> **WORK REQUIRED**:
The whole listing, apart from its images, should be restated word for word.

> **PROVIDED DATA**:
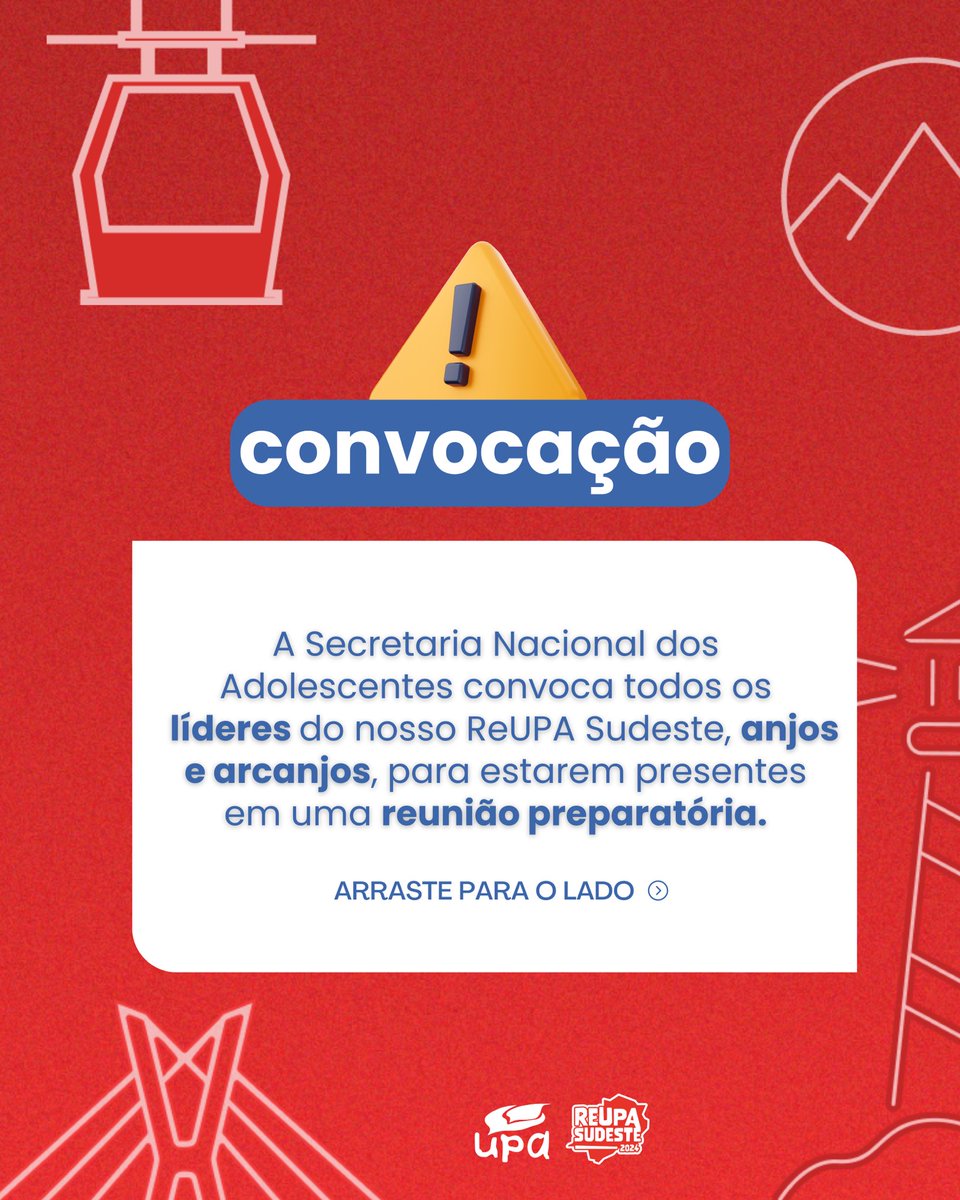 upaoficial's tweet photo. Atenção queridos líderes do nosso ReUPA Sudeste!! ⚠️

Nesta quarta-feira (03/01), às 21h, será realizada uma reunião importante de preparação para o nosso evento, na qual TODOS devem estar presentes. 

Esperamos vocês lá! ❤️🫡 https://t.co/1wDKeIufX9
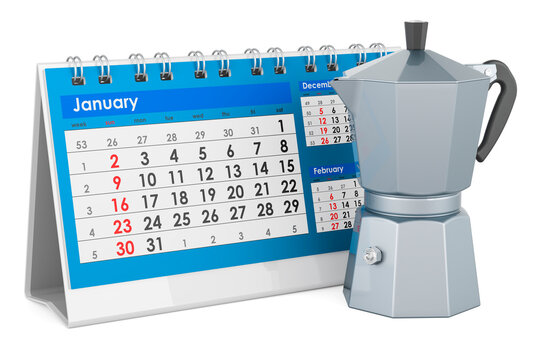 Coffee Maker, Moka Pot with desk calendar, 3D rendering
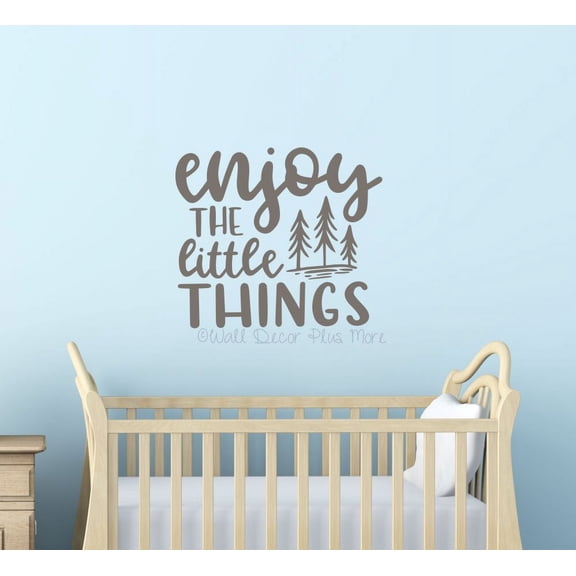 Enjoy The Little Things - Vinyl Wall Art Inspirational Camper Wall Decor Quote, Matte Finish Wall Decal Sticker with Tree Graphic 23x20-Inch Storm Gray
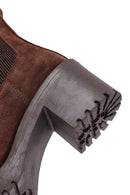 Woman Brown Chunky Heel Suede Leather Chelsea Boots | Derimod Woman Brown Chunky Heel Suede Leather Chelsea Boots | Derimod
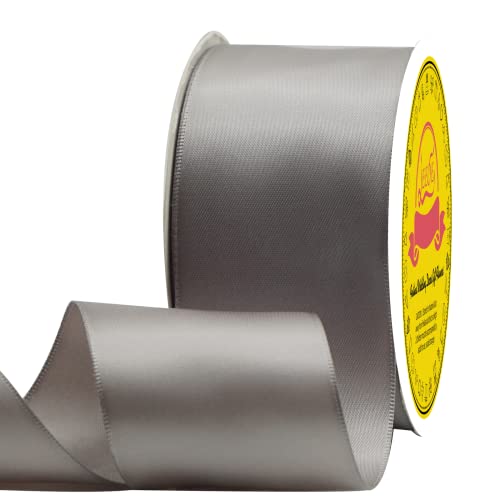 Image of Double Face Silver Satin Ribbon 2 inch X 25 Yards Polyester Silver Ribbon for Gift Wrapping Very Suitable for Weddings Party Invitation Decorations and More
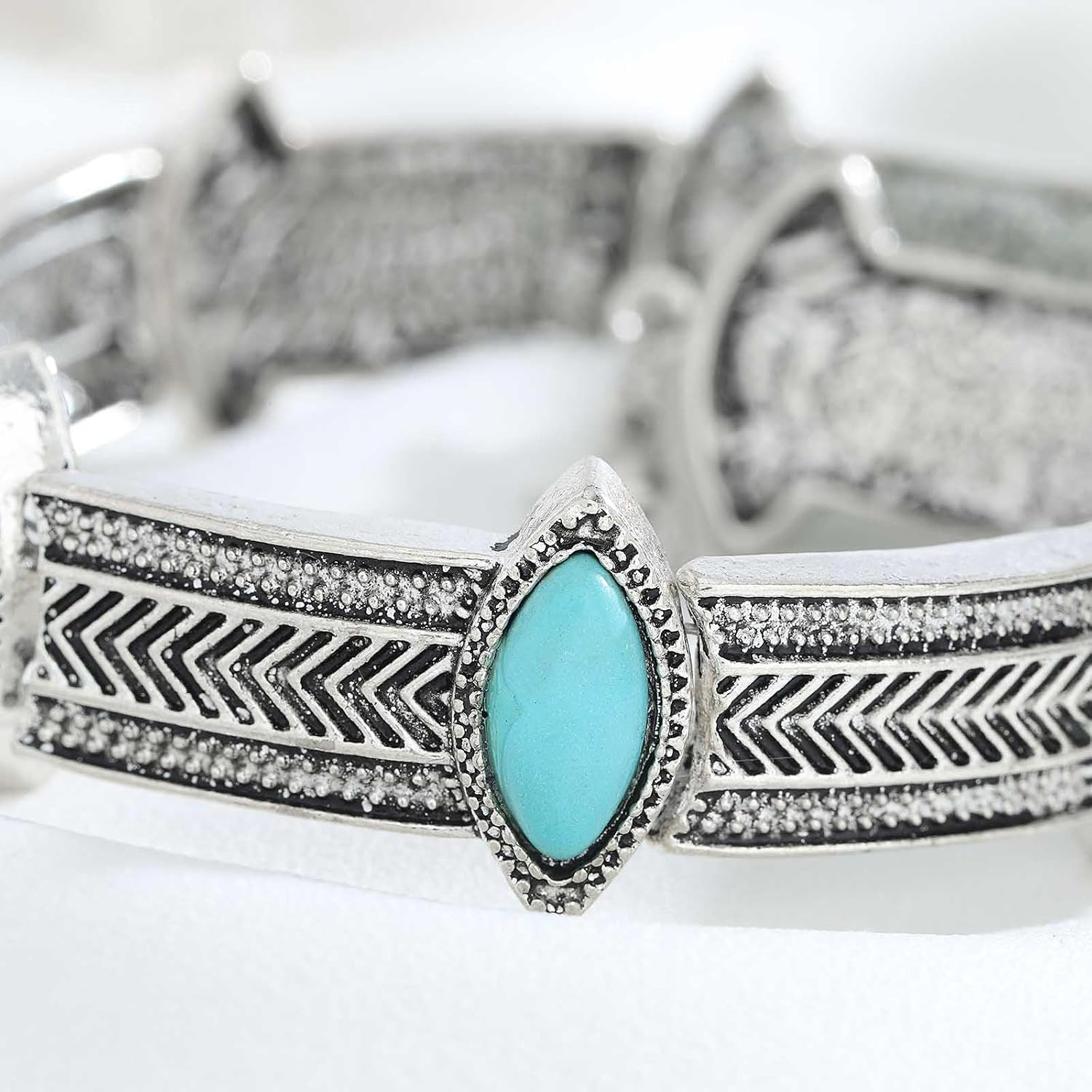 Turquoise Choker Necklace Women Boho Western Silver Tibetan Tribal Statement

> **RESPONSE AREA**:
 upaoficial's tweet photo. Atenção queridos líderes do nosso ReUPA Sudeste!! ⚠️

Nesta quarta-feira (03/01), às 21h, será realizada uma reunião importante de preparação para o nosso evento, na qual TODOS devem estar presentes. 

Esperamos vocês lá! ❤️🫡 https://t.co/1wDKeIufX9
 Coffee Maker, Moka Pot with desk calendar, 3D rendering
 Enjoy The Little Things - Vinyl Wall Art Inspirational Camper Wall Decor Quote, Matte Finish Wall Decal Sticker with Tree Graphic 23x20-Inch Storm Gray
 Woman Brown Chunky Heel Suede Leather Chelsea Boots | Derimod Woman Brown Chunky Heel Suede Leather Chelsea Boots | Derimod
 Image of Double Face Silver Satin Ribbon 2 inch X 25 Yards Polyester Silver Ribbon for Gift Wrapping Very Suitable for Weddings Party Invitation Decorations and More
 Turquoise Choker Necklace Women Boho Western Silver Tibetan Tribal Statement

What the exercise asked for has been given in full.